Implementation:InternLM Lmdeploy Action Tools
| Knowledge Sources | |
|---|---|
| Domains | CI, Evaluation, Benchmarking |
| Last Updated | 2026-02-07 15:00 GMT |
Overview
A collection of utility functions used by GitHub Actions workflows to run shell commands, evaluate models with OpenCompass, generate benchmark reports, and publish results to GitHub Step Summaries.
Description
The action_tools.py module provides helper functions that support the lmdeploy CI/CD pipeline. It includes:
- run_cmd: Executes shell commands with logging, capturing stdout/stderr to a file and returning the exit code.
- add_summary / _append_summary: Converts CSV data into Markdown table format and appends it to the GitHub Step Summary file (
GITHUB_STEP_SUMMARY). - evaluate: Orchestrates model evaluation using OpenCompass. It iterates over a list of models, copies and configures the evaluation config file, runs
opencompass, and parses the resulting CSV summary into a consolidated output. - create_model_links: Creates symbolic links for model directories, used to set up model paths in the test environment.

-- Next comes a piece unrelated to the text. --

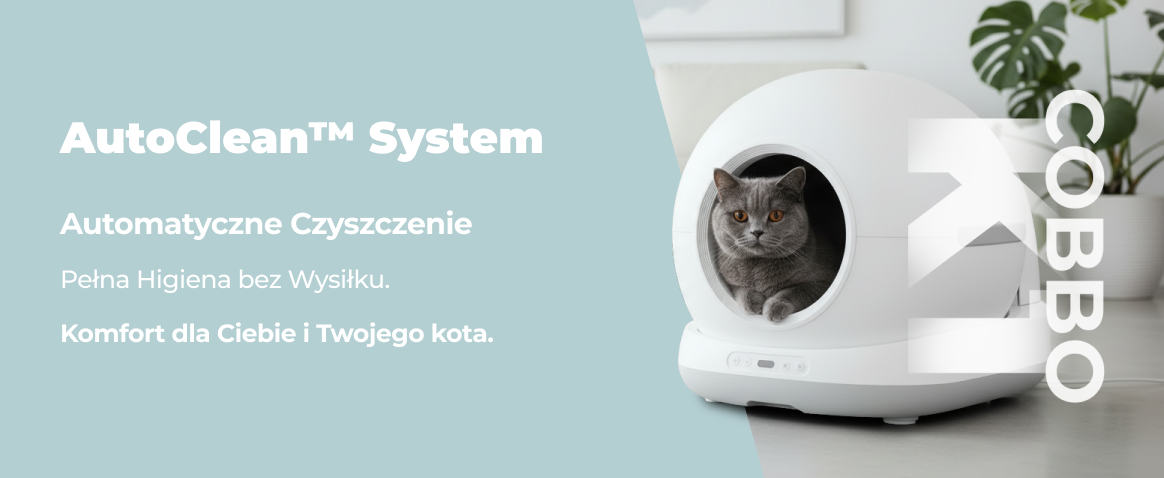 szary kot w kuwecie k1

- generate_benchmark_report: Traverses benchmark result directories, merges CSV files using pandas, computes averages per group, and writes the results to GitHub Step Summary.
- generate_csv_from_profile_result: Converts JSONL profiling output into CSV format with columns for request rate, completed requests, RPM, median TTFT, and output throughput.
- generate_output_for_evaluation: Finds the latest summary CSV, transposes it, sorts it, and outputs the result to GitHub Step Summary.
The module is invoked via python-fire, allowing any public function to be called directly from the command line.
Usage
Used internally by GitHub Actions workflows to evaluate models, generate benchmark reports, and create step summaries. Typically invoked as:
python .github/scripts/action_tools.py evaluate --models '["model1"]' --datasets '["dataset1"]' --workspace /tmp/eval --evaluate_type chat
python .github/scripts/action_tools.py generate_benchmark_report --report_path /path/to/reports
Code Reference
Source Location
- Repository: InternLM_Lmdeploy
- File: .github/scripts/action_tools.py
- Lines: 1-305
Signature
def run_cmd(cmd_lines: List[str], log_path: str, cwd: str = None) -> int: ...
def add_summary(csv_path: str) -> None: ...
def evaluate(models: List[str], datasets: List[str], workspace: str,
evaluate_type: str, max_num_workers: int = 8,
is_smoke: bool = False) -> None: ...
def create_model_links(src_dir: str, dst_dir: str) -> None: ...
def generate_benchmark_report(report_path: str) -> None: ...
def generate_csv_from_profile_result(file_path: str, out_path: str) -> None: ...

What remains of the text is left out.